C# 从 File.ReadAllBytes (byte[]) 中删除字节顺序标记

Question

提问by JC Grubbs

I have an HTTPHandler that is reading in a set of CSS files and combining them and then GZipping them. However, some of the CSS files contain a Byte Order Mark (due to a bug in TFS 2005 auto merge) and in FireFox the BOM is being read as part of the actual content so it's screwing up my class names etc. How can I strip out the BOM characters? Is there an easy way to do this without manually going through the byte array looking for "???"?
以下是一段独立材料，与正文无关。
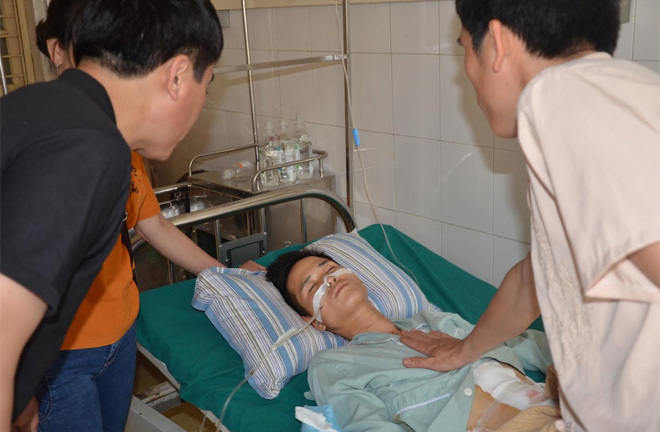 Lời khai bất thường của nghi can sát hại con 10 tháng tuổi ở Điện Biên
我有一个 HTTPHandler 正在读取一组 CSS 文件并将它们组合起来，然后对它们进行 GZipping。但是，一些 CSS 文件包含一个字节顺序标记（由于 TFS 2005 自动合并中的错误），并且在 FireFox 中，BOM 被作为实际内容的一部分读取，因此它搞砸了我的类名等。我该如何剥离出 BOM 字符？有没有一种简单的方法来做到这一点，而无需手动通过字节数组寻找“???”？

Answer 1

回答by JaredPar

Expanding on Jon's commentwith a sample.

使用示例扩展Jon 的评论。

var name = GetFileName();
var bytes = System.IO.File.ReadAllBytes(name);
System.IO.File.WriteAllBytes(name, bytes.Skip(3).ToArray());

Answer 2

回答by Tim Bailey

Another way, assuming UTF-8 to ASCII.

另一种方式，假设 UTF-8 为 ASCII。

File.WriteAllText(filename, File.ReadAllText(filename, Encoding.UTF8), Encoding.ASCII);

Answer 3

回答by Tim Bailey

var text = File.ReadAllText(args.SourceFileName);
var streamWriter = new StreamWriter(args.DestFileName, args.Append, new UTF8Encoding(false));
streamWriter.Write(text);
streamWriter.Close();

Answer 4

回答by Olivier de Rivoyre

Expanding JaredPar sample to recurse over sub-directories:

扩展 JaredPar 示例以递归子目录：

using System.Linq;
using System.IO;
namespace BomRemover
{
    /// <summary>
    /// Remove UTF-8 BOM (EF BB BF) of all *.php files in current & sub-directories.
    /// </summary>
    class Program
    {
        private static void removeBoms(string filePattern, string directory)
        {
            foreach (string filename in Directory.GetFiles(directory, file  Pattern))
            {
                var bytes = System.IO.File.ReadAllBytes(filename);
                if(bytes.Length > 2 && bytes[0] == 0xEF && bytes[1] == 0xBB && bytes[2] == 0xBF)
                {
                    System.IO.File.WriteAllBytes(filename, bytes.Skip(3).ToArray()); 
                }
            }
            foreach (string subDirectory in Directory.GetDirectories(directory))
            {
                removeBoms(filePattern, subDirectory);
            }
        }
        static void Main(string[] args)
        {
            string filePattern = "*.php";
            string startDirectory = Directory.GetCurrentDirectory();
            removeBoms(filePattern, startDirectory);            
        }       
    }
}

I had need that C# piece of code after discovering that the UTF-8 BOM corrupts file when you try to do a basic PHP download file.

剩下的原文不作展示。